Pooled mouse sera (200 μl/mouse) from the respective immunization groups were intraperitoneally (i.p.) administered to naive mice54. Six hours after serum administration, the mice were i.n. infected with SARS-CoV-2 Delta variant (5 × 103 PFU/mouse: a dose optimized for evaluating viral titers and pathological changes in the lungs; 50 μl/mouse). Four days after the viral infection, the mice were euthanized for lung collection. Half lungs were collected in PBS for measurement of viral titers by plaque assay, and the other half were collected in Zinc formalin for pathological analysis, as described below.

Viral titer detection

Lungs collected from SARS-CoV-2 Omicron or Delta variant-challenged mice were measured for viral titers by a standard plaque assay as described below53. Specifically, lung tissues were homogenized and centrifuged, and the supernatants were diluted in DMEM cell culture medium, followed by incubation with Vero E6 cells at 37 °C for 1 h. The inoculation was removed, and the cells were then overlaid with 0.6% agarose and cultured for three days. After removing the overlays, the cells were stained with 0.1% crystal violet to show plaques. Viral titers were calculated as PFU/ml of mouse lung tissues.

RNA isolation and qRT-PCR

Lungs collected from SARS-CoV-2 Omicron variant-challenged mice were also measured for viral replication as described below53. Specifically, RNA was extracted from virus-infected mouse lungs using Invitrogen TRIzol reagent (Thermo Fisher Scientific) according to the manufacturer’s instructions. In all, 1 μg of total RNA was used as template for the first strand of cDNA. The resulting cDNA was subjected to amplification of selected genes by real-time quantitative PCR (qRT-PCR) using Power SYBR Green PCR Master Mix (Applied Biosystems). Viral nucleocapsid (N) gene was detected using nCOV_N1 primer (Integrated DNA Technologies, 10007031). The expression levels were normalized to glyceraldehyde-3-phosphate dehydrogenase (GAPDH) using the following threshold cycle (CT) equation: ΔCT = CT of the gene of interest − CT of GAPDH. The results are expressed as a ratio to GAPDH calculated as 2−ΔCT.

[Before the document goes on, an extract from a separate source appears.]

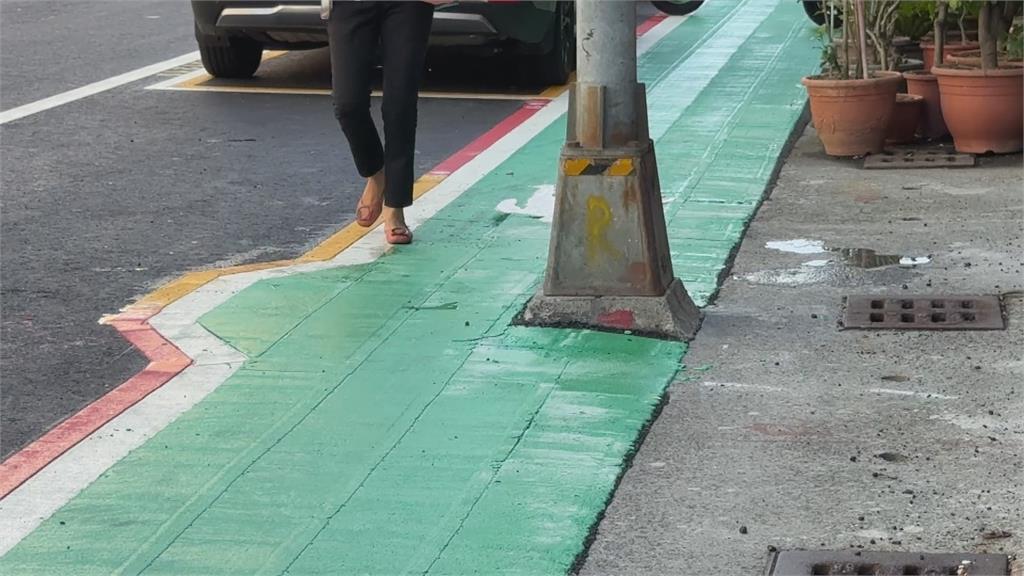 高雄保護型人行道"路燈擋道" 輪椅.嬰兒車得繞路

Pathological analysis of lung tissues

Lungs collected from SARS-CoV-2 Delta variant-challenged mice were analyzed for pathological effects. Specifically, paraffin-embedded lung tissue sections were stained using the hematoxylin and eosin (H&E) method, and the relevant slides were examined for pathological effects using a grouped masking approach55. Edema distribution in the lungs were ordinally numbered56, with the scores being reported as 0 (none), 1 (< 25%), 2 (26–50%), 3 (51–75%), and 4 (> 75%) of tissue fields. High resolution images were taken using a BX53 Microscope (DP73 digital camera) and CellSens Dimension software (Olympus).

Statistical analysis

GraphPad Prism 9.0.2 statistical software was used to calculate statistical significances among various vaccination groups. Ordinary one-way ANOVA (Dunnett’s multiple comparison test) was performed to assess statistical significances between S-6P-Delta-RBD and other groups, and Ordinary one-way ANOVA (Tukey’s multiple comparison test) was performed to assess statistical significances among different groups. The respective statistical tests are shown in the related figure legends. *, **, and *** designate P < 0.05, P < 0.01, and P < 0.001, respectively.